Que argumento a pró do inferno!
Quem ousa impugnar verdade tão de fundamento provada? Cafres, Papus, Saabs, Bushmans creram no inferno! Patagões, Muskogis, Algonquinos, Chipperrais, Sioux creram no inferno! Hunos, Alanos, Ostrogodos, Gepidas, Vandalos creram no inferno! Tambem creram n'isso Cananeos, Philisteos, Ninivitas e Babylonios! Sodoma e Gomorra tambem! Sardanapalo, Balthazar, Herodiada, Cleopatra, Nero, Attila, Gengiskhão, Tamerlão creram tambem no inferno! Querem prova mais concludente?
Eu não sei se semelhante demonstração do inferno é bem feita para edificar uma assemblêa de fieis; receio muito que os incredulos se riam. Quer-me parecer que, se tentassem insinuar-nos reverencia a tal dogma, deveriam contentar-se com dizer-nos que aquellas raças degeneradas, aquellas nações estupidas, aquellas hordas faccinoras, aquelles sacerdotes embaidores, aquelles reis devassos, em fim, todos esses selvagens e monstros, nem criam na eternidade das penas, nem d'isso tinham vislumbres. Tal argumento, se fundado fosse, figurar-se-hia melhor que nenhum. Presumir-se-hia que esses homens, se tivessem á mão e perante os olhos barreira tal, não se infamariam tanto. Mas, da laia que elles são, darem-no'l-os como crentes no inferno, é mandar-nos descrer. Horrorisa-nos a immortalidade d'elles. Vão lá trazer taes arbitros para uma questão de altissimo interesse moral! Dizeis que elles creram no inferno? Oh Deus meu! é por isso mesmo talvez que elles tão mal comprehendiam a justiça, e tal vida viveram!
II
Explicação natural das tradições pagãs ácerca do inferno
Que monta recorrer a revelações miraculosas? É facilima coisa explicar naturalmente as tradições pagãs ácerca do inferno.

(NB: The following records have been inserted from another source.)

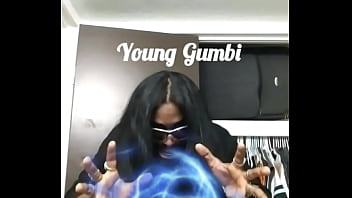 Black Guy !! Super Saiyan!! - Young Gumbi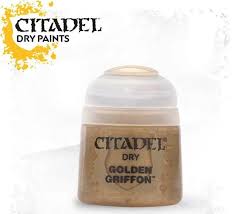 Citadel Dry Paint: Golden Griffon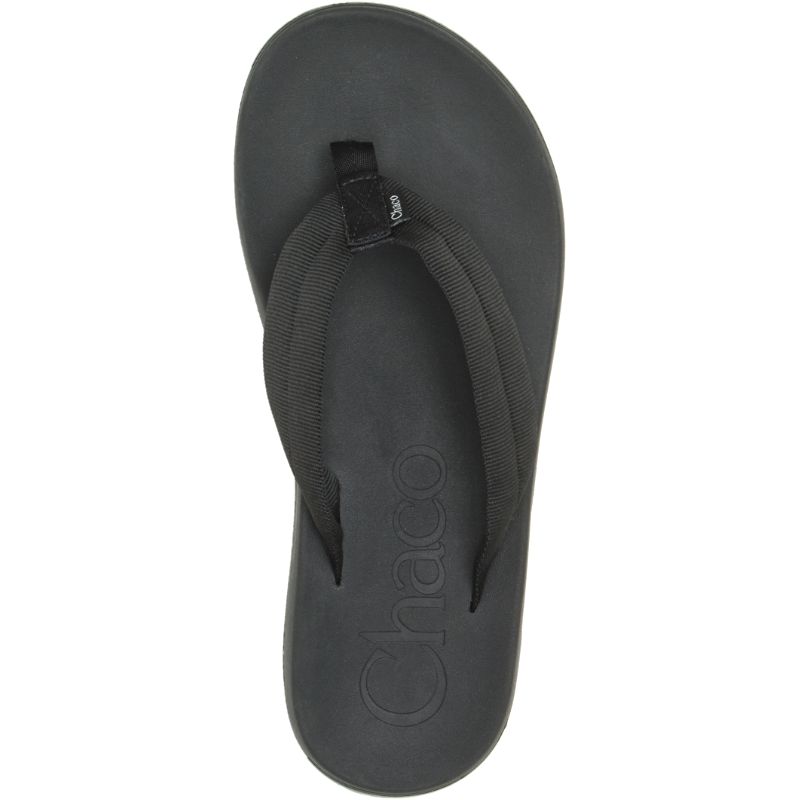 Chaco Chillos Flip Flops Herren Schwarz | 06379WXZR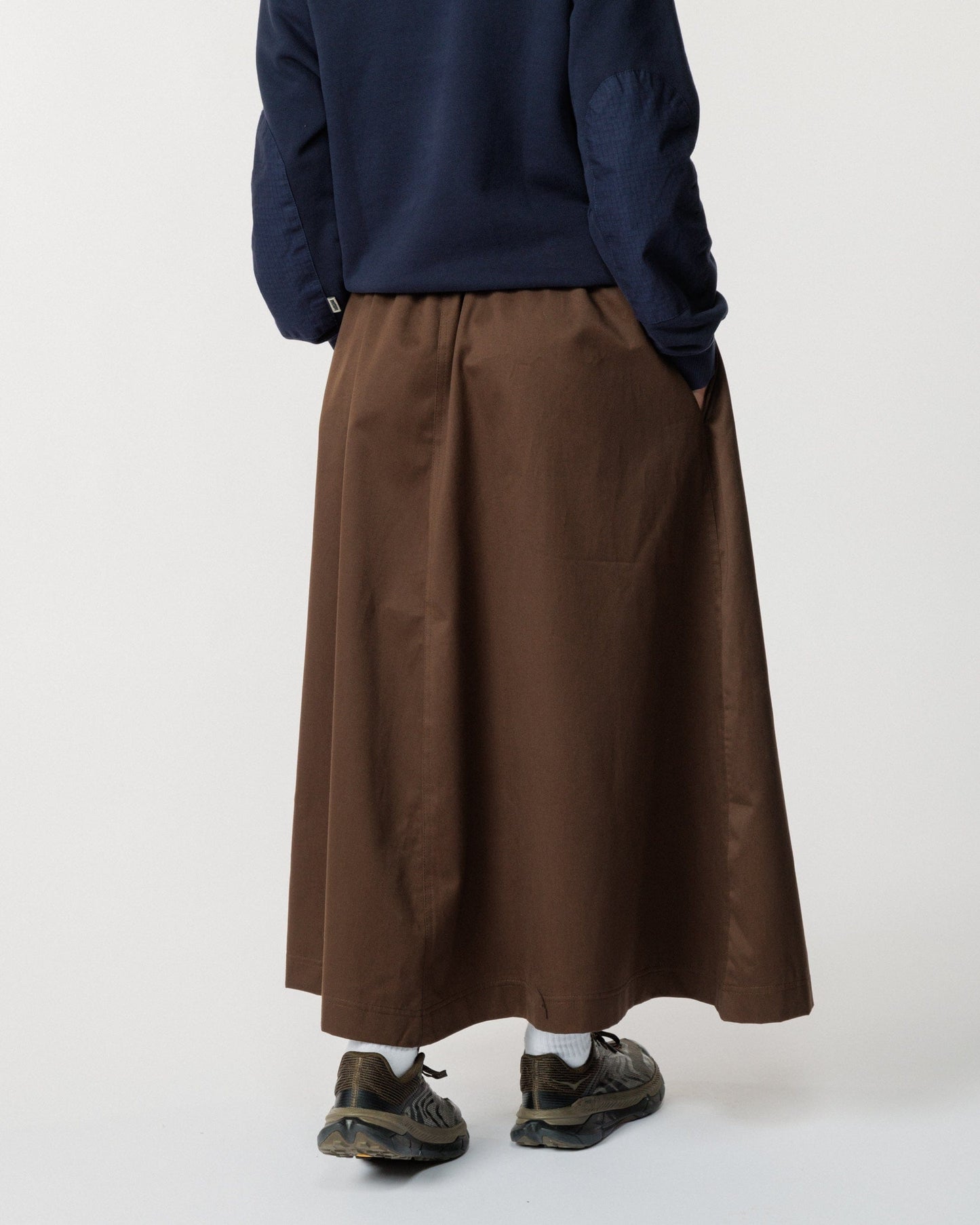 Moleskin Ayla Skirt - Brown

Este social estado que conhecemos, no qual o direito de cada um é definido por lei, e protegido por força publica, não é o primitivo estado do genero humano. No principio, a unica sociedade foi a familia, e, por extensão, a tribu. Cada homem se protegia a si, e sahia em desaffronta propria; parentes e servos bandeavam-se na pendencia, e a menor tentativa contra o direito privado espadanava ondas de sangue. N'esses remotos tempos, vingança e justiça eram uma só cousa.